Monday, May 25, 2009

In praise of Manitoba maples


The Manitoba Maple (Acer negundo) is not an especially well-loved tree. It is often disparaged by those who know something about trees, as well as by those who aren't able to name it on sight but who don't like the looks of it just the same. It is far from majestic. It is fast growing, short lived, and does not reach impressive heights. You're more often to find them growing crooked than straight, often in clumps. While it's part of the same family of trees as the sugar maples and red maples Canadians adore and whose leaves grace our money and airplanes, the Manitoba maple's leaves are unremarkable jagged little clusters that turn a flat yellow in autumn, falling to the ground in a heap as opposed to the graceful fluttering arc of its showier cousins' leaves.

The first house I ever owned (in Hespeler) had an unusually large and perfectly formed Manitoba maple in an unusual location - in the center of the back yard. The home inspector took one look and said "You'll want to take that down, it's a weed". Needless to say I did not. In a city with hot, steamy summers and poor summertime air quality, the last thing I was going to do was remove its dense canopy and deep shade - I stuck a bench under it instead, and sat under it often.

The Manitoba Maple is in many ways the perfect urban tree. It will grow just about anywhere, on the most degraded excuse for soil, and is tolerant to heat, drought, road salt and just about any other stress city life can place on it. I inherited a half-dozen growing out of an old rock wall that separates my downtown Ottawa home's back yard from an apartment building parking lot; there are a few more shading my front yard from the noise of a busy street. They form a solid green wall all summer long, giving me far more privacy than any fence could. Unlike the ubiquitous Norway maples that municipalities and developers plant along the sidewalk, the Manitoba maple is a native to Canada, and wildlife prefers the Manitobas. There are always birds in them - chickadees, cardinals, summertime sparrows, even the odd woodpecker. I have a tall Norway maple in my yard that turns a brilliant orange-red in autumn and casts a lot of shade, but except for the odd squirrel using it as a highway, I rarely see animals in it.

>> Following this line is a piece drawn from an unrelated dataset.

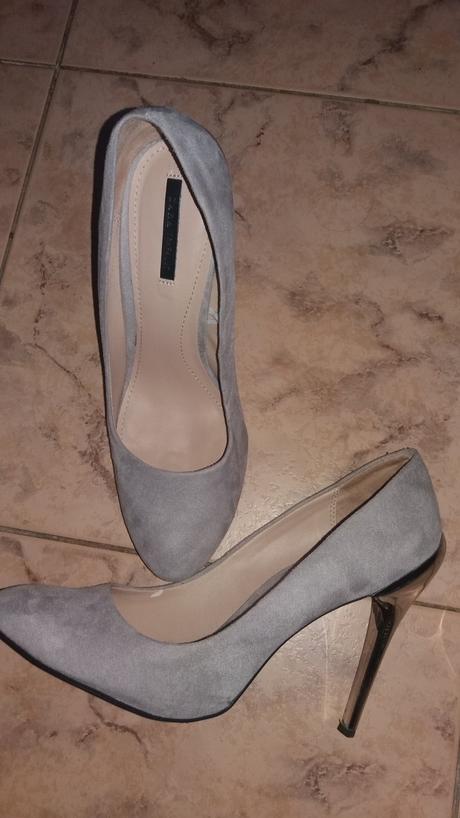 Zara lodičky,stieborny podpatok, zara,40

I have also read that Manitoba maples make good table syrup. Because the sugar content of their sap is lower than that of the appropriately-named sugar maple, people in eastern Canada never used the Manitoba for this purpose. But out west where there are no sugar maples, the early settlers made do with Manitoba maple syrup. I'm tempted to try tapping my own Manitobas one of these springs and see for myself.

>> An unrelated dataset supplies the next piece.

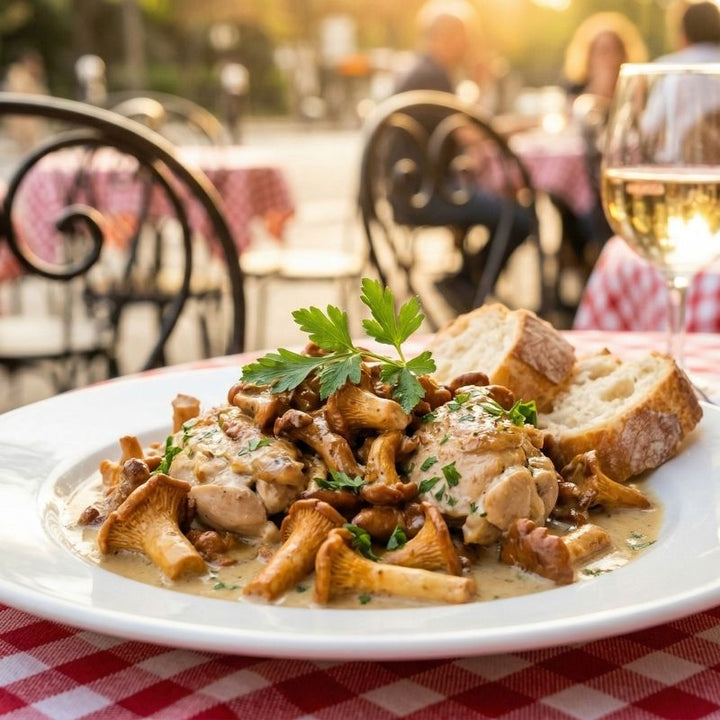 Fricassée de volaille fermière aux girolles et crème fraîche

If you wanted Manitobas of your own, you would be hard pressed to find someone to sell you one. In most of the places you find them, they're there because they planted themselves (or had help from an obliging squirrel or bird). If you are going down a street and see an oasis of scrappy trees growing in an abandoned industrial lot or lining a bleak-looking alley, chances are there are Manitobas among them. They're the advance members of Nature's reclamation team, delivering shade and creating organic material so that other organisms might recolonize what we humans have trashed. So if you've got a sun-parched patch of land on your property where nothing seems to grow, sneak down that back alley with a small shovel and an empty flower pot, and bring yourself home a small Manitoba maple start. If it can thrive in an alley, imagine how well it will do for you in a place where it is wanted.